Previous to Polars version 0.20.7, the pivot() method, if given multiple values for the columns argument, would apply the aggregation logic against each column in columns individually based on the index column, rather than against a collective set of columns.
Before:
df = pl.DataFrame(
{
"foo": ["one", "one", "two", "two", "one", "two"],
"bar": ["y", "y", "y", "x", "x", "x"],
"biz": ['m', 'f', 'm', 'f', 'm', 'f'],
"baz": [1, 2, 3, 4, 5, 6],
}
)
df.pivot(index='foo', values='baz', columns=('bar', 'biz'), aggregate_function='sum')
returns:
shape: (2, 5)
┌─────┬─────┬─────┬─────┬─────┐
│ foo ┆ y ┆ x ┆ m ┆ f │
│ --- ┆ --- ┆ --- ┆ --- ┆ --- │
│ str ┆ i64 ┆ i64 ┆ i64 ┆ i64 │
╞═════╪═════╪═════╪═════╪═════╡
│ one ┆ 3 ┆ 5 ┆ 6 ┆ 2 │
│ two ┆ 3 ┆ 10 ┆ 3 ┆ 10 │
└─────┴─────┴─────┴─────┴─────┘
After (in 0.20.7):
shape: (2, 5)
┌─────┬───────────┬───────────┬───────────┬───────────┐
│ foo ┆ {"y","m"} ┆ {"y","f"} ┆ {"x","f"} ┆ {"x","m"} │
│ --- ┆ --- ┆ --- ┆ --- ┆ --- │
│ str ┆ i64 ┆ i64 ┆ i64 ┆ i64 │
╞═════╪═══════════╪═══════════╪═══════════╪═══════════╡
│ one ┆ 1 ┆ 2 ┆ null ┆ 5 │
│ two ┆ 3 ┆ null ┆ 10 ┆ null │
└─────┴───────────┴───────────┴───────────┴───────────┘
I like the previous functionality much better; it's very awkward to deal with the new pivoted table, especially given its column names. Polars devs put this change under "Bug fixes" but it actually broke my code.

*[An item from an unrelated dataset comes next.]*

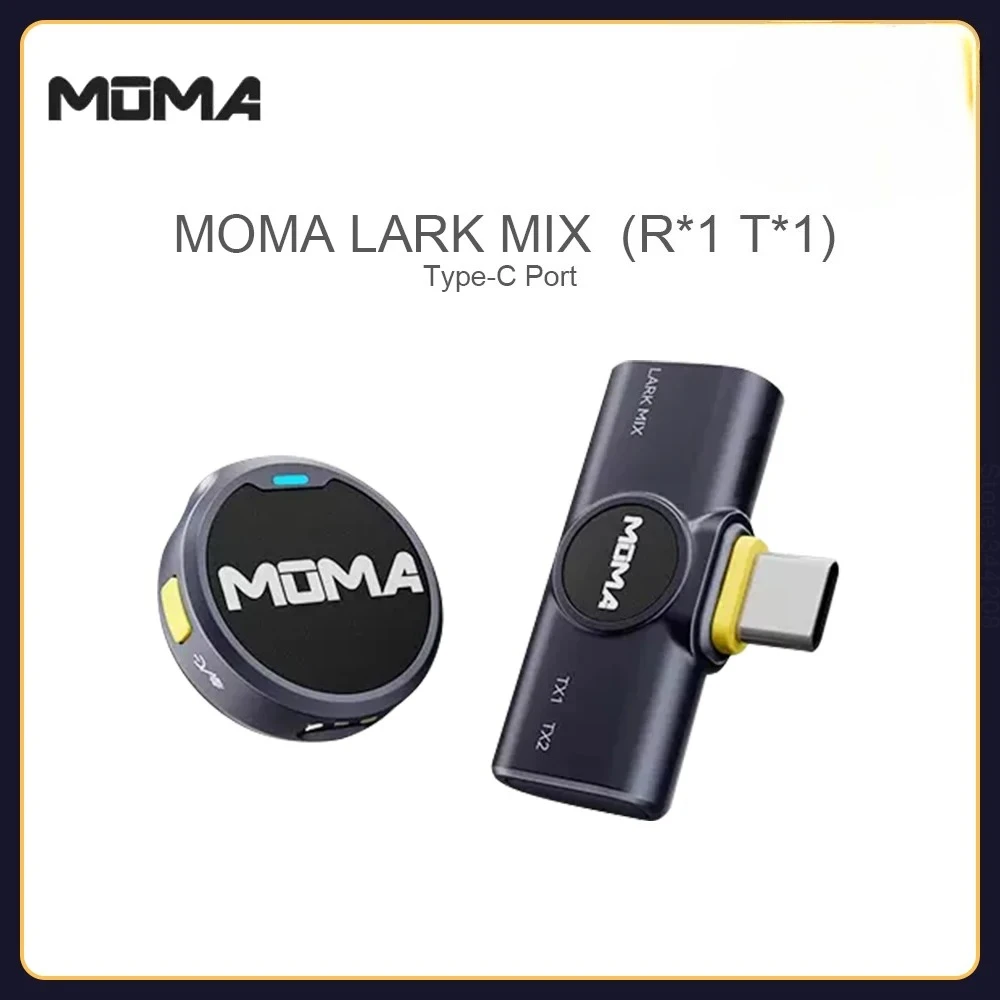MOMA Microphone Lark MIX Button Collar Clip Magnetic Wireless Dual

I see a couple of ways you could do it:
First, you can use melt() for your DataFrame first and then pivot:
df.melt(["foo", "baz"])
─────┬─────┬──────────┬───────┐
│ foo ┆ baz ┆ variable ┆ value │
│ --- ┆ --- ┆ --- ┆ --- │
│ str ┆ i64 ┆ str ┆ str │
╞═════╪═════╪══════════╪═══════╡
│ one ┆ 1 ┆ bar ┆ y │
│ one ┆ 2 ┆ bar ┆ y │
│ two ┆ 3 ┆ bar ┆ y │
│ two ┆ 4 ┆ bar ┆ x │
│ one ┆ 5 ┆ bar ┆ x │
│ … ┆ … ┆ … ┆ … │
│ one ┆ 2 ┆ biz ┆ f │
│ two ┆ 3 ┆ biz ┆ m │
│ two ┆ 4 ┆ biz ┆ f │
│ one ┆ 5 ┆ biz ┆ m │
│ two ┆ 6 ┆ biz ┆ f │
└─────┴─────┴──────────┴───────┘
and then pivot the same way:
(
df
.melt(["foo", "baz"])
.pivot(index='foo', values='baz', columns='value', aggregate_function='sum')
)
┌─────┬─────┬─────┬─────┬─────┐
│ foo ┆ y ┆ x ┆ m ┆ f │
│ --- ┆ --- ┆ --- ┆ --- ┆ --- │
│ str ┆ i64 ┆ i64 ┆ i64 ┆ i64 │
╞═════╪═════╪═════╪═════╪═════╡
│ one ┆ 3 ┆ 5 ┆ 6 ┆ 2 │
│ two ┆ 3 ┆ 10 ┆ 3 ┆ 10 │
└─────┴─────┴─────┴─────┴─────┘
Alternatively, if lists of possible values are not intersecting between columns you need to aggregate, you could use concat() with how = align:
pl.concat(
[df.pivot(index='foo', values='baz', columns=col, aggregate_function="sum") for col in ['bar','biz']],
how='align'
)
┌─────┬─────┬─────┬─────┬─────┐
│ foo ┆ y ┆ x ┆ m ┆ f │
│ --- ┆ --- ┆ --- ┆ --- ┆ --- │
│ str ┆ i64 ┆ i64 ┆ i64 ┆ i64 │
╞═════╪═════╪═════╪═════╪═════╡
│ one ┆ 3 ┆ 5 ┆ 6 ┆ 2 │
│ two ┆ 3 ┆ 10 ┆ 3 ┆ 10 │
└─────┴─────┴─────┴─────┴─────┘